§ WORK REQUIRED: Give back exactly the lines of the entries below from the line with "a black hole, inside" to the line with "Ikea Striped Duvet", inclusive, and only those.

[Data items]

□ □ □ □ □

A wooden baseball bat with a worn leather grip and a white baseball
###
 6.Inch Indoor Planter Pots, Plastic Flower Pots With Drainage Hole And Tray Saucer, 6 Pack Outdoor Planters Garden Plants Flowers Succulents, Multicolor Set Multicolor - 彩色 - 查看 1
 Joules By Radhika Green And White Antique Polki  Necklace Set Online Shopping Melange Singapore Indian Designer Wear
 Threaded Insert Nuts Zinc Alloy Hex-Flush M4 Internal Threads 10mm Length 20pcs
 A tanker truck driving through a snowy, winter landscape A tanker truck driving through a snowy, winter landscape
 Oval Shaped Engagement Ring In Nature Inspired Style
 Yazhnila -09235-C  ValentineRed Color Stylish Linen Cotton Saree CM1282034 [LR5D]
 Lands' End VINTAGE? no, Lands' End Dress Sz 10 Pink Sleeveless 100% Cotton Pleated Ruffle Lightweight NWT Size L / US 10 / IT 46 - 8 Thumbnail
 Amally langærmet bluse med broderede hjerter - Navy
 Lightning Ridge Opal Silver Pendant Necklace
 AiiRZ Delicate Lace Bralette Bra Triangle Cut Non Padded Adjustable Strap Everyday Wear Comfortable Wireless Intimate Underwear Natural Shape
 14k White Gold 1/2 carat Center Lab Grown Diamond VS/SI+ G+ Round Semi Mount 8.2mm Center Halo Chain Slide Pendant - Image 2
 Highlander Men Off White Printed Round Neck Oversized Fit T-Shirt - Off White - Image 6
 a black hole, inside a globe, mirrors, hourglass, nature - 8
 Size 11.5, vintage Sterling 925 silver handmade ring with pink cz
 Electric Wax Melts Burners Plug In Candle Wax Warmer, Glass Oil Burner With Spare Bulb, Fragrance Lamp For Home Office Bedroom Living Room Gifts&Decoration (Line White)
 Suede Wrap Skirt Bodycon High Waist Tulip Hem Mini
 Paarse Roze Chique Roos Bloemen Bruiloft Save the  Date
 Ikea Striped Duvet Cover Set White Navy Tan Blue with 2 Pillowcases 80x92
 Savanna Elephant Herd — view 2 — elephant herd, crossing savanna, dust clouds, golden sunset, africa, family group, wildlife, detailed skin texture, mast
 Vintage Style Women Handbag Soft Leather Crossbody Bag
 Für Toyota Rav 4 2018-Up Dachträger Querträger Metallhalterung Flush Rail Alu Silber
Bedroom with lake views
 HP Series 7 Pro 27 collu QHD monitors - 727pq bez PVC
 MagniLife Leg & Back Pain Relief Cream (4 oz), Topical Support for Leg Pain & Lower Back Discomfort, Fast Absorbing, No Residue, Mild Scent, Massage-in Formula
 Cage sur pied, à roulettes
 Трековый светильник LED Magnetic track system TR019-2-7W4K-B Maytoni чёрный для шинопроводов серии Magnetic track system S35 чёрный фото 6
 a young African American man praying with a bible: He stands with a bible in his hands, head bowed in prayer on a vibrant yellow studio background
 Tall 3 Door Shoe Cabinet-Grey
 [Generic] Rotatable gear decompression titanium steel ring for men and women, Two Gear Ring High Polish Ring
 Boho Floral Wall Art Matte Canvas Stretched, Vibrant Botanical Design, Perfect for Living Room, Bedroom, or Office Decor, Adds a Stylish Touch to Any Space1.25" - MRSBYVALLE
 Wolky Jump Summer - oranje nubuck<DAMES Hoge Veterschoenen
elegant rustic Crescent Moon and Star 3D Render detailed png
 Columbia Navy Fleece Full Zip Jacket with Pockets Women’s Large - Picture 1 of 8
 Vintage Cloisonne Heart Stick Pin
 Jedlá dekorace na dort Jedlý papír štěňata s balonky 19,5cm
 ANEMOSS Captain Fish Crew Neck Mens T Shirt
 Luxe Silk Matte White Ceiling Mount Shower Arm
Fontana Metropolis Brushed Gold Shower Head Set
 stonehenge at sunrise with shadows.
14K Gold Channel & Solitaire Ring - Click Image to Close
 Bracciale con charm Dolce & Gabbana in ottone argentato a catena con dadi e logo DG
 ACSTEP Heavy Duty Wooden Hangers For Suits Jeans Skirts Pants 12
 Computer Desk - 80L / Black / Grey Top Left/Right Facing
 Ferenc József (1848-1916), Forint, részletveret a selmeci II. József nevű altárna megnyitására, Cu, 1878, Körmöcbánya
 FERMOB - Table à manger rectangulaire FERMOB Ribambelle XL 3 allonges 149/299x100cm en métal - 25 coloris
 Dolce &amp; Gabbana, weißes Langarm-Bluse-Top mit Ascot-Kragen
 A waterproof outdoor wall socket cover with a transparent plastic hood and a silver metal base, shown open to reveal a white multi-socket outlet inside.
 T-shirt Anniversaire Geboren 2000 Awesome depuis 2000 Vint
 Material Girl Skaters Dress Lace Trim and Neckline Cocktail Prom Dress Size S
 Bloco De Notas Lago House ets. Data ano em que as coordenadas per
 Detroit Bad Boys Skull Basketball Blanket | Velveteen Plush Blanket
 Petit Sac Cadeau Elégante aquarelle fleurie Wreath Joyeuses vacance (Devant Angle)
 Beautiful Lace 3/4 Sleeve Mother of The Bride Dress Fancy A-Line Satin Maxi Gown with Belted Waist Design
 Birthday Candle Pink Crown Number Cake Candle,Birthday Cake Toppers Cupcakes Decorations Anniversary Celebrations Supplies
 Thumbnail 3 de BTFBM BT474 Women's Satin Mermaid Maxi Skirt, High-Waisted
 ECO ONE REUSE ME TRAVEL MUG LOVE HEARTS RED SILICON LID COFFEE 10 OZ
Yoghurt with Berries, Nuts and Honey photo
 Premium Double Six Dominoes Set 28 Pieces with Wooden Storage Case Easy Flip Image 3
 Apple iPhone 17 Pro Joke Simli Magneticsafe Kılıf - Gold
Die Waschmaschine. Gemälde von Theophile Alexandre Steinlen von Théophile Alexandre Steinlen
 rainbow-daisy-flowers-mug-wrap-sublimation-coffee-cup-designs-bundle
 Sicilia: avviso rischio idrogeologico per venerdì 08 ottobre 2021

□ □ □ □ □

§ RESULT FOR THIS EXERCISE:
 a black hole, inside a globe, mirrors, hourglass, nature - 8
 Size 11.5, vintage Sterling 925 silver handmade ring with pink cz
 Electric Wax Melts Burners Plug In Candle Wax Warmer, Glass Oil Burner With Spare Bulb, Fragrance Lamp For Home Office Bedroom Living Room Gifts&Decoration (Line White)
 Suede Wrap Skirt Bodycon High Waist Tulip Hem Mini
 Paarse Roze Chique Roos Bloemen Bruiloft Save the  Date
 Ikea Striped Duvet Cover Set White Navy Tan Blue with 2 Pillowcases 80x92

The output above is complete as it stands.